==== Data ====
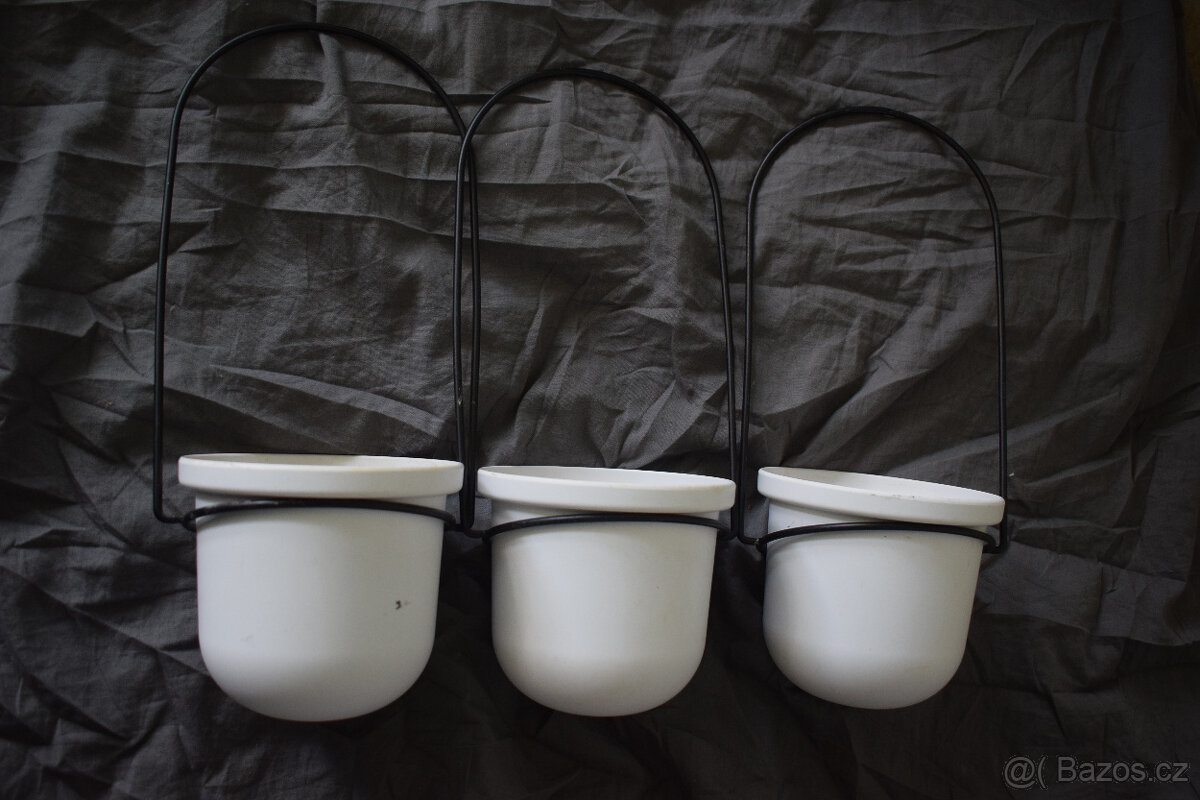 3 závěsné obaly na květináče na kovové konstrukci - 2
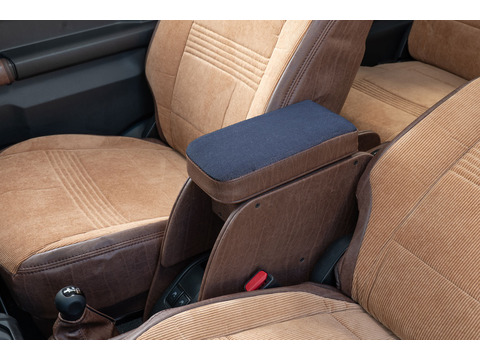 【ジムニーJB64/JB74/ノマド専用】センターコンソール Ver.2 アンティークデニム＜ドリンクホルダー付き＞ デニムインディゴブルー×ヴィンテージブラウン 装着イメージ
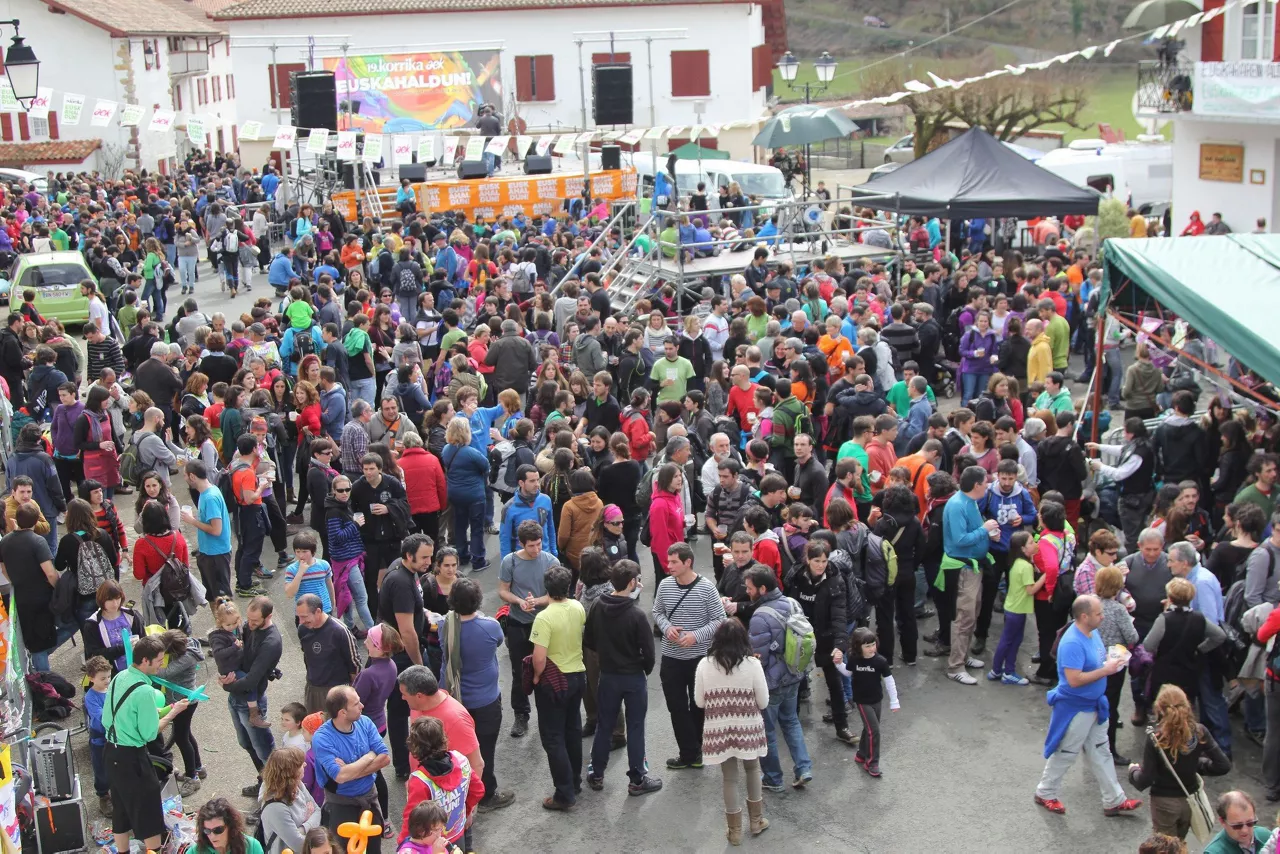 KORRIKA 2015, MARTXOAK 19. ARGAZKIA: AEK
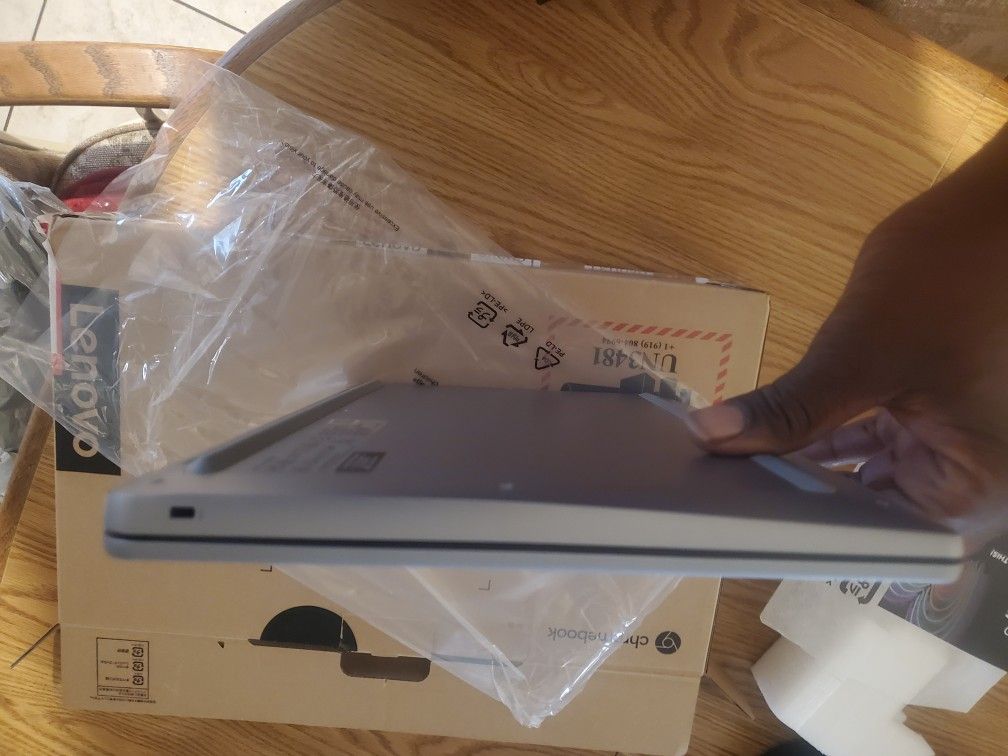 Lenovo Chromebook Computers & Accessories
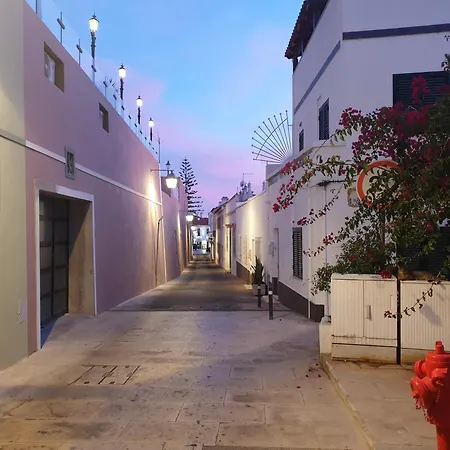 Casa Da Porta Da - 1 Bedroom Castle Loft *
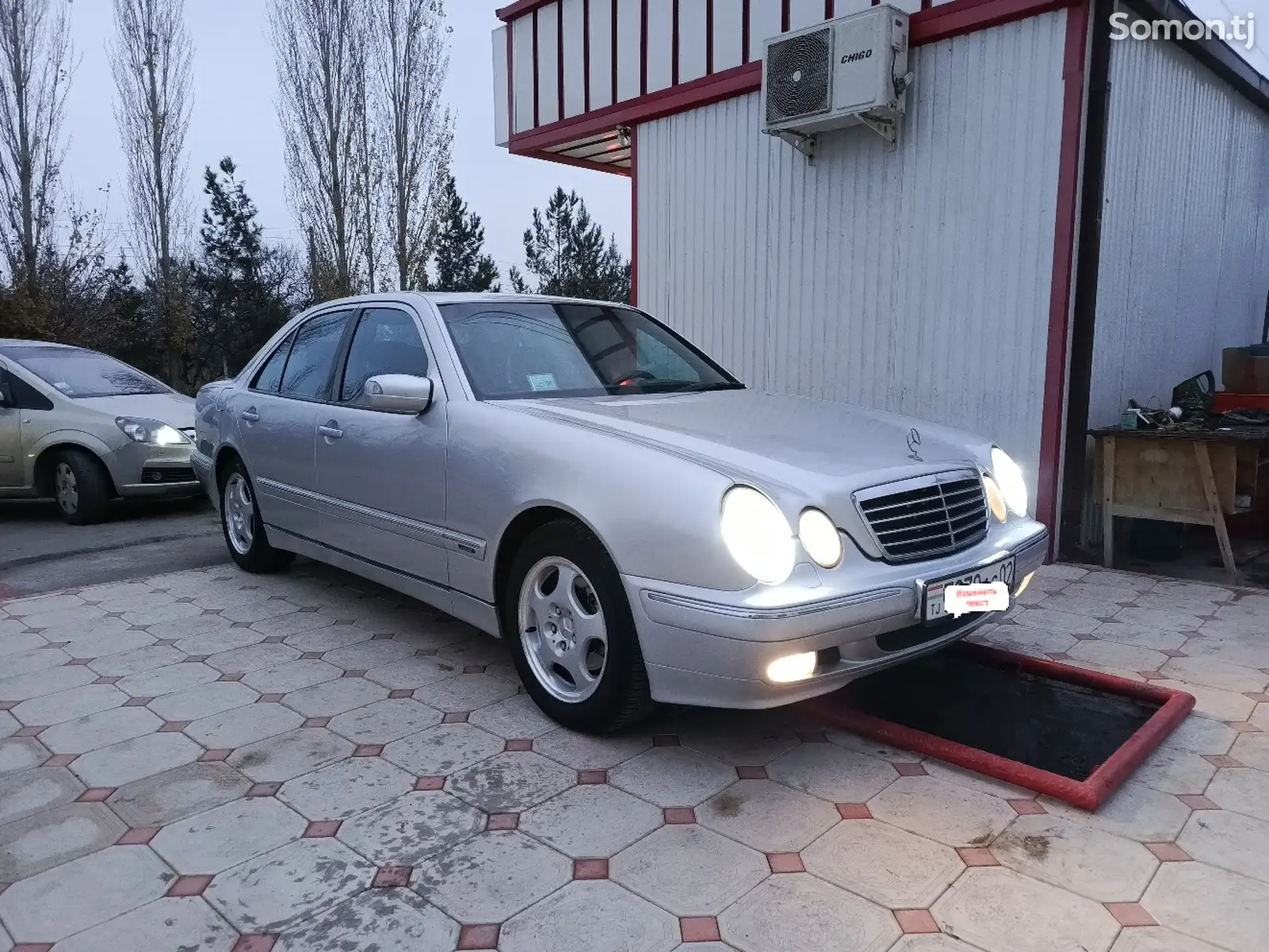 Mercedes-Benz E class, 2000-1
====
## What the task requires
An exact copy of the records above is needed, free of pictures.

## Output of the task
 3 závěsné obaly na květináče na kovové konstrukci - 2
 【ジムニーJB64/JB74/ノマド専用】センターコンソール Ver.2 アンティークデニム＜ドリンクホルダー付き＞ デニムインディゴブルー×ヴィンテージブラウン 装着イメージ
 KORRIKA 2015, MARTXOAK 19. ARGAZKIA: AEK
 Lenovo Chromebook Computers & Accessories
 Casa Da Porta Da - 1 Bedroom Castle Loft *
 Mercedes-Benz E class, 2000-1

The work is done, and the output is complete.